= Tactics II =

Wargame

Tactics II

Tactics II is a wargame designed by Charles S. Roberts and published by the Avalon Hill game company in 1958. It was re-released in 1961 and 1972. It was the second game produced by Roberts following the success of his first game, Tactics.

==Publication history==
In 1958, Charles S. Roberts formed gaming company Avalon Hill to publish Tactics II (1958).

Tactics II is a revised version of Tactics published by Avalon Hill in 1958, then reissued in 1961 and 1973. In 1972, the game was discontinued due to rising costs. In 1973, it was redesigned with less costly components and used as a loss leader, as an introductory wargame. In 1983, Avalon Hill released a 25th anniversary edition of the original Tactics, with a new, different map.

==Gameplay==
It is nearly identical to Tactics in all respects, with a slightly revised map and more detailed unit counters.

==Reception==
In his 1977 book The Comprehensive Guide to Board Wargaming, Nicholas Palmer called Tactics II a "Respectable but dull abstract introductory game [...] readers of this book looking for an easy starting game would probably enjoy a simulation of an actual battle more."

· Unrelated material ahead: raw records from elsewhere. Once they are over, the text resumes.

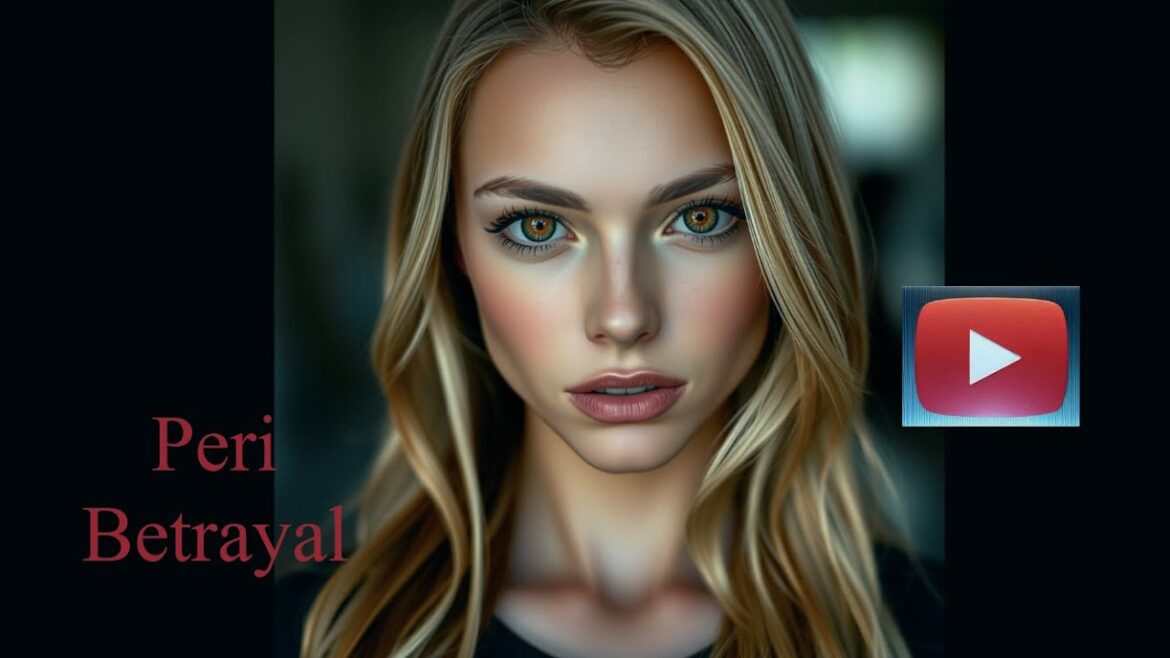 The Deep Emotional Impact of Betrayal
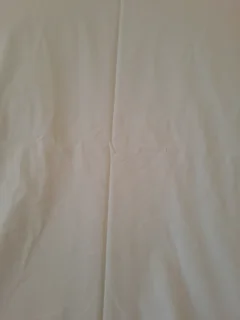 Curtains - Ad posted by Neville Meyer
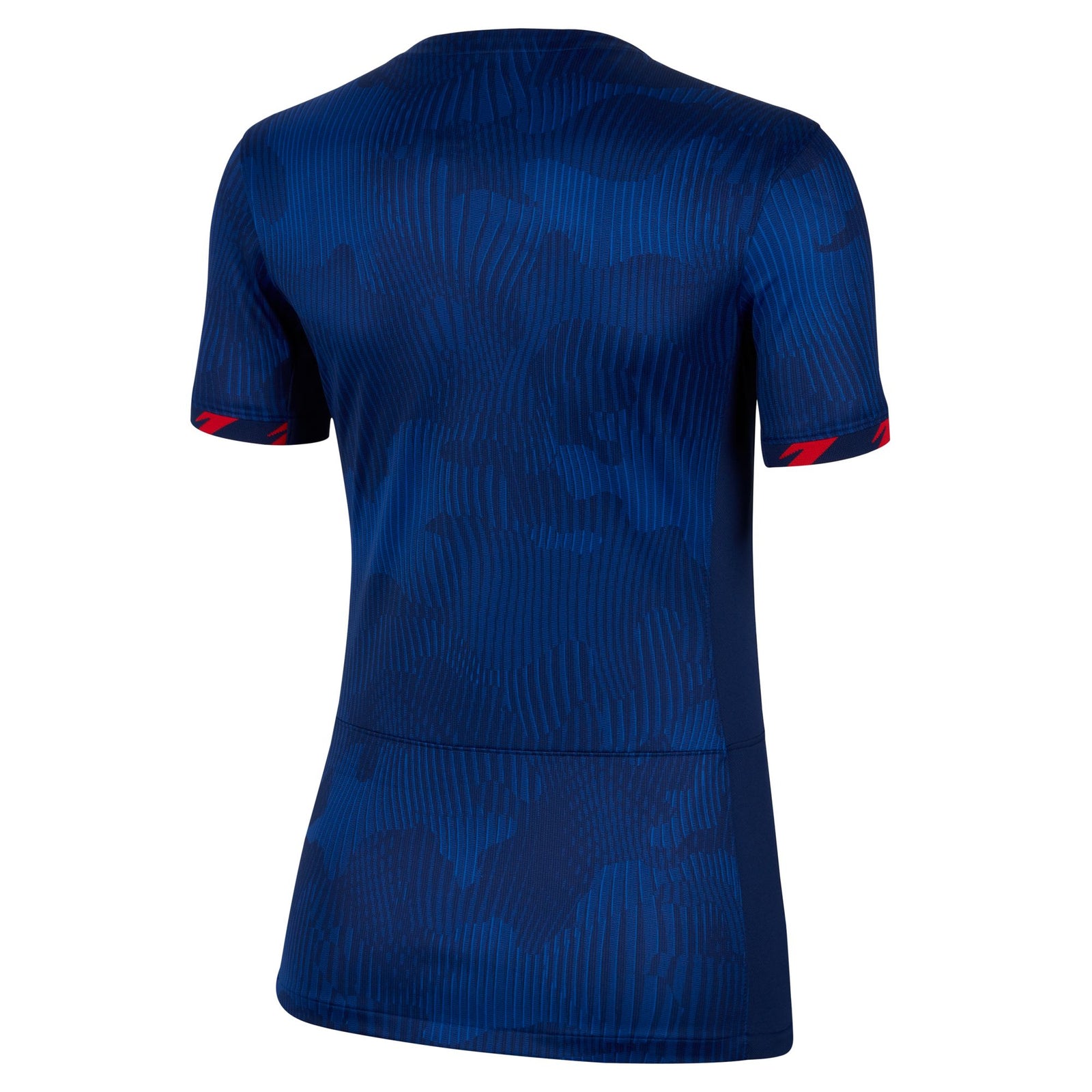 Nike USWNT 2023 Stadium Away Women's Dri-FIT Soccer Jersey - DR4000-406-NIKE by Nike | Available at Niky's Sports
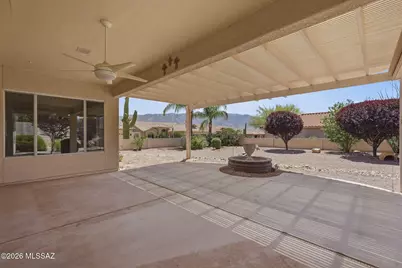 63491 E Whispering Tree Lane, Tucson, AZ 85739 - Photo 39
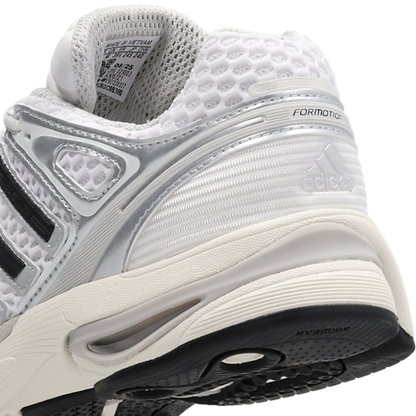adidas Adistar Control 5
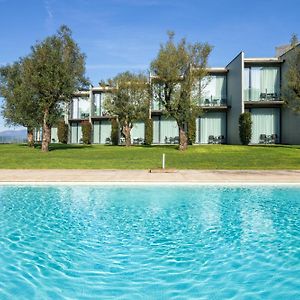 Tempus Hotel & Spa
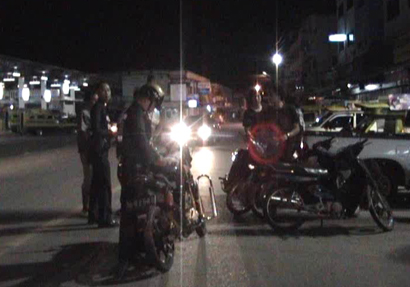 เด็กแว้น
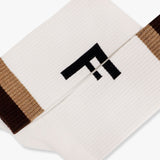 Fendi premium miscellaneous detail and craftsmanship close-up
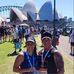 Adam Mcmath - Facebook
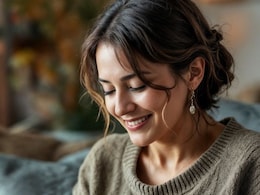 From Turmeric Milk to Amla Juice: 8 Morning Immunity Boosters You Need This Monsoon From Turmeric Milk to Amla Juice: 8 Morning Immunity Boosters You Need This Monsoon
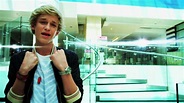 Cody Simpson - On My Mind (Official Music Video) - YouTube Music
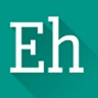 EhViewer（E绅士） 3.4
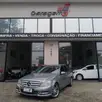 MERCEDES-BENZ C 180 1.6 CGI CLASSIC 16V TURBO GASOLINA 4P AUTOMÁTICO MERCEDES-BENZ C 180 1.6 CGI CLASSIC 16V TURBO GASOLINA 4P AUTOMÁTICO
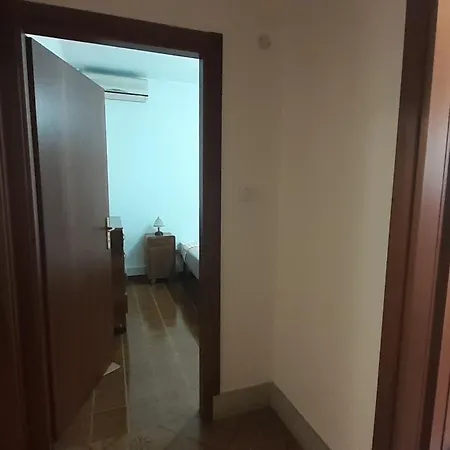 Nel Di * フェラーラ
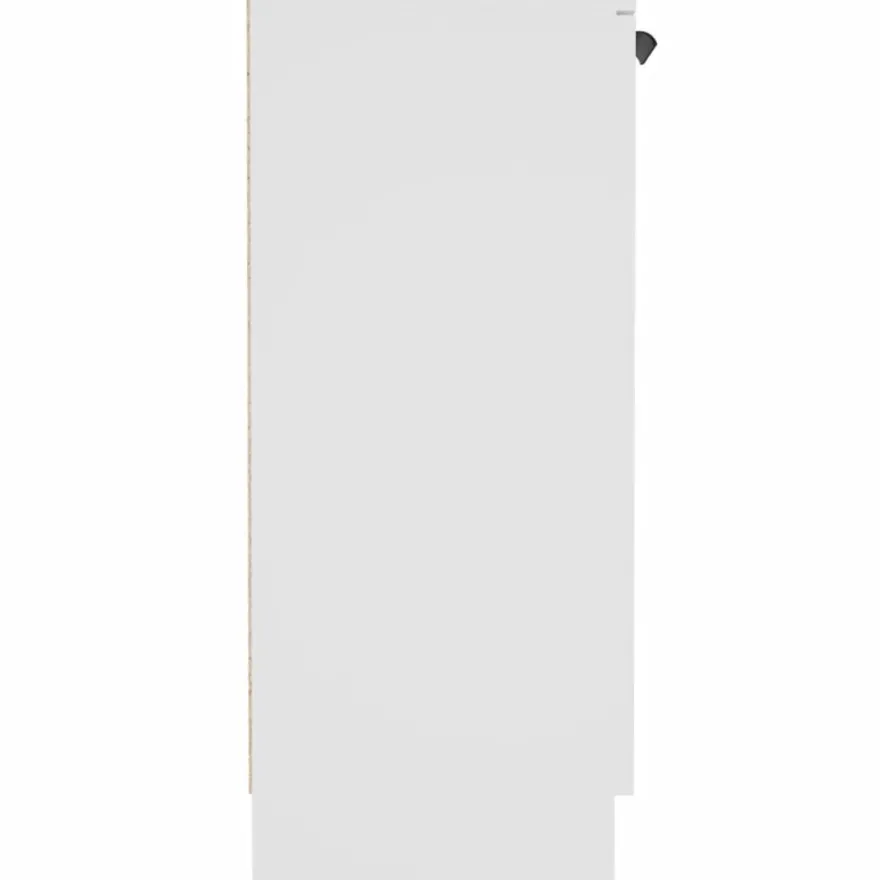 Senkki 60x30x70cm, eri värejä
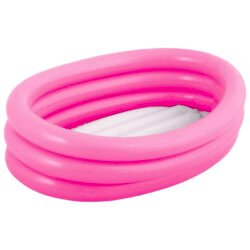 Banheira infl.oval 90x25 55lt-1787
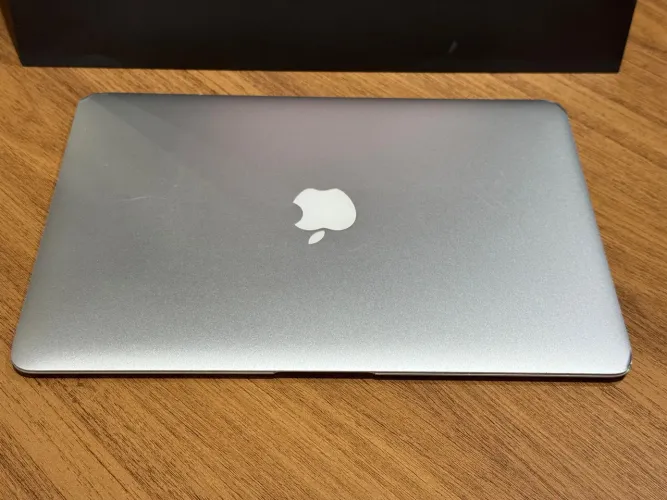 macbook air 13 2013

In the 1980 book The Complete Book of Wargames, game designer Jon Freeman dismissed the then-22-year-old Tactics II as unplayable, saying, "Aside from its historical importance, this game has no redeeming qualities. [...] Against an even vaguely competent opponent, [the game] can't be won. The [geography] combines to produce an inevitable stalemate directly across the center of the board." Freeman concluded by giving the game an Overall Evaluation of "Poor", saying, "Tactics II is overdue for retirement."